Dataset excerpts:
☆ ☆ ☆ ☆

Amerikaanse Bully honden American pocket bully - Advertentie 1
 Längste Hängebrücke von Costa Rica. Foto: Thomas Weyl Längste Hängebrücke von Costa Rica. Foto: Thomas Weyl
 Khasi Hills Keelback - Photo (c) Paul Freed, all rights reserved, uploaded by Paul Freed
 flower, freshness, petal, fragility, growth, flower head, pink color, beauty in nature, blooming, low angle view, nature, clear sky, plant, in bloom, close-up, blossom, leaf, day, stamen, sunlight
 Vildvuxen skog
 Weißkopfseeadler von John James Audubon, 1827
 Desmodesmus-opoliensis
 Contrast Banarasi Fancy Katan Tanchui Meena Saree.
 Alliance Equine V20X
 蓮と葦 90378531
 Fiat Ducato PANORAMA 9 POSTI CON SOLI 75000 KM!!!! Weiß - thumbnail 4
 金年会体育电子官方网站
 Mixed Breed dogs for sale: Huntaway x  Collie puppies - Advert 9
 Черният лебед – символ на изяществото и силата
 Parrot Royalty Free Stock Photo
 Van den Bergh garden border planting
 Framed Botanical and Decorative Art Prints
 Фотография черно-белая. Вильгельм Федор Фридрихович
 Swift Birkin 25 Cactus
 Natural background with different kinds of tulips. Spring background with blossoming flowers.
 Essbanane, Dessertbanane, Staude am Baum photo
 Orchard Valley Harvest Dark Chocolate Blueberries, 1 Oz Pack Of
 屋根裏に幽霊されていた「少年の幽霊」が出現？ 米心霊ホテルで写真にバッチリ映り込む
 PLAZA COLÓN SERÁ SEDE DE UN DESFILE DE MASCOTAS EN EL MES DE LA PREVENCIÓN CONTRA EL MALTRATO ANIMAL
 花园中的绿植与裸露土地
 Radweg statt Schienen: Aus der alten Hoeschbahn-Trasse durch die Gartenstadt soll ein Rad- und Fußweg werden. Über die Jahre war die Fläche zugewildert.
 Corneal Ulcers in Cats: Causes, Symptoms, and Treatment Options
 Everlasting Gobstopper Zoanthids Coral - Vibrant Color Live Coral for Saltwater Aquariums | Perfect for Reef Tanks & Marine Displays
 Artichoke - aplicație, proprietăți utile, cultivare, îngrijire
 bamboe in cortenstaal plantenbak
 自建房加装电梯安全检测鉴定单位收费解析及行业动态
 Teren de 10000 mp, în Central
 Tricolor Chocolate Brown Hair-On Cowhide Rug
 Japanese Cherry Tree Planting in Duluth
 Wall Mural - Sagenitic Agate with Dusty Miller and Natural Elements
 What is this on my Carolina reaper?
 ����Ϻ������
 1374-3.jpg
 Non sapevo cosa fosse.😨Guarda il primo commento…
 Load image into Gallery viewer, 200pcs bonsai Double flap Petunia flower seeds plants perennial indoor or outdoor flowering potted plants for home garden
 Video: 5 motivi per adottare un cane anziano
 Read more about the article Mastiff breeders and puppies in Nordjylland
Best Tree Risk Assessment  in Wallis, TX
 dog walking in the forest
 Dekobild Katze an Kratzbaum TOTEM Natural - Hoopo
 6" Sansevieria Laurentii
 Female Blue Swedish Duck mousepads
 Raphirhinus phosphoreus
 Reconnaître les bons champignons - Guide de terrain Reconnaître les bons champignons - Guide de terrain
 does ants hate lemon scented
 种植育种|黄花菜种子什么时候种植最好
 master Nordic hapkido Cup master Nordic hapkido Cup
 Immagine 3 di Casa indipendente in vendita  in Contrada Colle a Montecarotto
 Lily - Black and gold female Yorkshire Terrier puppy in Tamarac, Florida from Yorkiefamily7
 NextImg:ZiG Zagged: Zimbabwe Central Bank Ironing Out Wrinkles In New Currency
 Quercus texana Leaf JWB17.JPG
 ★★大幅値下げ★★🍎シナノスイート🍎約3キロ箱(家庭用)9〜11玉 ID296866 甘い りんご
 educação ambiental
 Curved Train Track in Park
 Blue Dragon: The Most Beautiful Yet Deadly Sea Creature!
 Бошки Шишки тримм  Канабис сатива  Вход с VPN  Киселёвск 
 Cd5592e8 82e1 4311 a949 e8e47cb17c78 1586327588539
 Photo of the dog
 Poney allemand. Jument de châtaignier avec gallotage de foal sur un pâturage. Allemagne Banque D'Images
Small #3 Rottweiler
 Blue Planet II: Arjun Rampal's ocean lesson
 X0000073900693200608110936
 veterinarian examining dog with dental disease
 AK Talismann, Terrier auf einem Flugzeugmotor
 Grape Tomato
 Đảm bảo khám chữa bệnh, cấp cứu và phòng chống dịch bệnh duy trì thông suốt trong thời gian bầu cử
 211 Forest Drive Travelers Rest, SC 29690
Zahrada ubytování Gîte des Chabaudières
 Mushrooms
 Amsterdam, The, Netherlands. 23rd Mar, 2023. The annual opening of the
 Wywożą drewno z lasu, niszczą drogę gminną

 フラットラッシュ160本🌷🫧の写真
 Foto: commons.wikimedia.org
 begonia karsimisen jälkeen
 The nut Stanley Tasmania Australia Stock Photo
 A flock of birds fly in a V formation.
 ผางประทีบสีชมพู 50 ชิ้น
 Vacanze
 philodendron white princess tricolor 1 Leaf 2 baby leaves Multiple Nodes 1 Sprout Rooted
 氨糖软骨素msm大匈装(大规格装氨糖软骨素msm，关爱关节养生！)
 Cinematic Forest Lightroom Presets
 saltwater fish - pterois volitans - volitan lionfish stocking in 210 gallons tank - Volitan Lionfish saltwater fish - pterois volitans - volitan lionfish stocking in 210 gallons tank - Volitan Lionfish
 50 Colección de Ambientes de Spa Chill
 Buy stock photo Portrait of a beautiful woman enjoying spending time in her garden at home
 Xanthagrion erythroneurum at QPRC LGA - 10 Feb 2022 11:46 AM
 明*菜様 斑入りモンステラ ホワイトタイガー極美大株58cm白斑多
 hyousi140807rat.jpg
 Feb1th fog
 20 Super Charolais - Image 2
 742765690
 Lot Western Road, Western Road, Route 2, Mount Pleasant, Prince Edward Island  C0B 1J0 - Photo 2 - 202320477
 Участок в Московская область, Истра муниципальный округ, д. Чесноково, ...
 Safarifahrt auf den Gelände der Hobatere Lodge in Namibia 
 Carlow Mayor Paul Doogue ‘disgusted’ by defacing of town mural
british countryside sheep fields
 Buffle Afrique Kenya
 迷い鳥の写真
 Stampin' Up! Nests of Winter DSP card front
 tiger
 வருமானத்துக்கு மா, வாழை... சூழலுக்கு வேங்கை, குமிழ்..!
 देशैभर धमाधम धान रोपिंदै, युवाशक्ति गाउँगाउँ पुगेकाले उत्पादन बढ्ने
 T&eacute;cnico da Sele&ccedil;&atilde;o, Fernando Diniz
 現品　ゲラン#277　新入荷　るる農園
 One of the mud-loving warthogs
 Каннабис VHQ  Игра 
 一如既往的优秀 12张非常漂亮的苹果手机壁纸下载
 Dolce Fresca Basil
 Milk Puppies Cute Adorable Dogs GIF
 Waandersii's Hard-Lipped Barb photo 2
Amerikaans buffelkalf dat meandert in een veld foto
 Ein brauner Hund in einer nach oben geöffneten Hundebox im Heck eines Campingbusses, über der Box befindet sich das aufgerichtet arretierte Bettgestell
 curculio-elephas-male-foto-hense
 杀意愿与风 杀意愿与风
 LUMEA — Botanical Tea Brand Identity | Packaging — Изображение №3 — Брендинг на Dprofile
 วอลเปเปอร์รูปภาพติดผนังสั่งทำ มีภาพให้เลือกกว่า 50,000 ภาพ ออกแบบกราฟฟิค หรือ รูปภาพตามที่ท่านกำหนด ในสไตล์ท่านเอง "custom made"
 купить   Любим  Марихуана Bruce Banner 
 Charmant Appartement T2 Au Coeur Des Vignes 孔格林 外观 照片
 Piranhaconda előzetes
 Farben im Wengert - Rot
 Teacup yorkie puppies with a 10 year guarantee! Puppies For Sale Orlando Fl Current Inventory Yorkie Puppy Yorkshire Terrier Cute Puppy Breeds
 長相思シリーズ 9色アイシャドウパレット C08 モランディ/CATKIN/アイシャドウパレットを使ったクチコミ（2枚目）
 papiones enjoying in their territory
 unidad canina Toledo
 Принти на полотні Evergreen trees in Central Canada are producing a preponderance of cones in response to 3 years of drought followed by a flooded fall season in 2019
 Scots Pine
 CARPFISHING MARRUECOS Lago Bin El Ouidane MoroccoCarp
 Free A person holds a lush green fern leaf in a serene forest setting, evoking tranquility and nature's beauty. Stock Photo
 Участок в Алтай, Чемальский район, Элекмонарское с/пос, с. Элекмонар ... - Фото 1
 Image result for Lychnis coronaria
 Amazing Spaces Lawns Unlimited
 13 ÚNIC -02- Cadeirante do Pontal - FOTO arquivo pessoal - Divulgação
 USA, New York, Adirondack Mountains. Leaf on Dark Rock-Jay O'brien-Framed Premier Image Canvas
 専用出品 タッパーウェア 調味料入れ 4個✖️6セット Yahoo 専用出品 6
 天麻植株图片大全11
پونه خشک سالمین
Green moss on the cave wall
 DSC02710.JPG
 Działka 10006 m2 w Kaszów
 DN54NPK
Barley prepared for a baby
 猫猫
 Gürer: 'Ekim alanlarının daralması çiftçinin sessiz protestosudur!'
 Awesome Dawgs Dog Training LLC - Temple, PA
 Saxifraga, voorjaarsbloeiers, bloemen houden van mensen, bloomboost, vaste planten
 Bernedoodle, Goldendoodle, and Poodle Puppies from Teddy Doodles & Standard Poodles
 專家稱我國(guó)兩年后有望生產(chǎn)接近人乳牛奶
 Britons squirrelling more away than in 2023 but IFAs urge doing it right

☆ ☆ ☆ ☆

### ACTIVITY
The answer is the run of lines above from the line containing "A flock of birds fly in a V formation." through the line containing "Cinematic Forest Lightroom Presets", copied exactly and alone.

### SOLUTION TO THIS PROBLEM
 A flock of birds fly in a V formation.
 ผางประทีบสีชมพู 50 ชิ้น
 Vacanze
 philodendron white princess tricolor 1 Leaf 2 baby leaves Multiple Nodes 1 Sprout Rooted
 氨糖软骨素msm大匈装(大规格装氨糖软骨素msm，关爱关节养生！)
 Cinematic Forest Lightroom Presets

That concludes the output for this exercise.